Long-Term Care Solutions Gain Traction at the Workplace
Long-Term Care Solutions Gain Traction at the Workplace
November 2025
This article examines how workplace benefits carriers are responding to the growing need for long-term care (LTC) services among the aging population in the United States. According to Statista, only 8 percent of Americans were age 65 or older in 1950. This ratio climbed to over 17 percent in 2023 and is expected to reach 22.8 percent by 2050. At the same time, LTC services such as nursing home stays, assisted living, and home healthcare are very expensive and typically excluded from major medical insurance and Medicare coverage.
Private insurance can help defray these expenses, though retail advisors often focus on older and more affluent prospects. While the need for LTC solutions is less imminent for younger Americans, securing this protection remains vital to their future financial security. This presents an opportunity for workplace benefits carriers to reach these underserved prospects. If they can be convinced to protect themselves now, a longer time horizon makes coverage more affordable for younger, middle-income consumers.
On the surface, the workplace seems like a natural fit for marketing LTC solutions. Employers are a well-established distribution channel for many different types of insurance products, including voluntary options for which employees assume the full cost of coverage. It’s not surprising that some carriers introduced workplace LTC policies several years ago, when the popularity of these products was growing. However, most of these early entrants ultimately exited this channel following LTC’s overall sales peak in the early 2000s.
With a recent resurgence of LTC interest and activity seen in the retail marketplace, has this momentum extended to the workplace channel? LIMRA conducted two surveys of workplace benefit carriers in the past year to learn more about how they are responding. The first simply explored whether the carriers are offering solutions to address LTC needs, and a later survey examined their practices in more detail. Of the 40 carriers that responded to at least one of these studies, 11 currently market an LTC solution through employers (Figure 1).
It is important to note that only two of these carriers offer stand-alone workplace LTC options. The remaining nine provide coverage through life policies that incorporate long-term care coverage and/or chronic illness riders, a trend paralleling the evolution in the individual retail market.
These enhancements allow the insured to accelerate the policy’s underlying life benefit when triggered by certain conditions. Seven carriers specifically link long-term care protection to their life plans, and another two offer only chronic illness riders. There are several material differences between LTC and chronic illness benefits, including cost, benefit levels, and qualification criteria. Still, both arrangements make funds available to the insured to address long-term care services if needed. Some carriers make both options available on their life products.
Nine of the carriers currently offering workplace LTC solutions provided additional background related to their products, market experience, and expectations.
Product Design
Distribution
Business Drivers and Strategy
Four of the 29 carriers that do not currently offer a workplace LTC solution are planning to soon enter this market.

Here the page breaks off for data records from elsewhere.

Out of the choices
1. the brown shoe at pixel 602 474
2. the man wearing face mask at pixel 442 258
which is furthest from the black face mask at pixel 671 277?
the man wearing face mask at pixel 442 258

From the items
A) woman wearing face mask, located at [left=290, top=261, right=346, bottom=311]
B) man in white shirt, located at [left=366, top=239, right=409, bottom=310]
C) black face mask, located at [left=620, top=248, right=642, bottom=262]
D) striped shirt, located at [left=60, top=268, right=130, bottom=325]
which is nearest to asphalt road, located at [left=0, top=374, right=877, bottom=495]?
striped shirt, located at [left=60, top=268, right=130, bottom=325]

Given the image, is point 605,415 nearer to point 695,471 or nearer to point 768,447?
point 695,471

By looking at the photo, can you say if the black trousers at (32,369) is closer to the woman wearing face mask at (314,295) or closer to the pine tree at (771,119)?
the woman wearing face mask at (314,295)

Factors driving their interest include fulfilling a market need, rounding out their product portfolios, requests of their distribution partners, and generating cross-sale opportunities for other benefit types that they presently offer. Another seven carriers remain on the fence regarding whether they will introduce a workplace benefit solution over the next few years. One of these carriers is already jointly marketing another carrier's product.
While the remaining 18 carriers do not plan to enter this market soon, expect them and other insurers to keep a watchful eye on developments in this channel. As awareness of the need for LTC services and their corresponding costs continues to grow, consumer interest in obtaining protection should follow.
Those lacking personal relationships with advisors may inquire about workplace options since employees often appreciate having an opportunity to learn about and acquire various insurance benefits through their employers. The carriers already providing these solutions have a leg up, but there remains ample room for additional entrants, especially the insurers already selling other types of workplace benefits.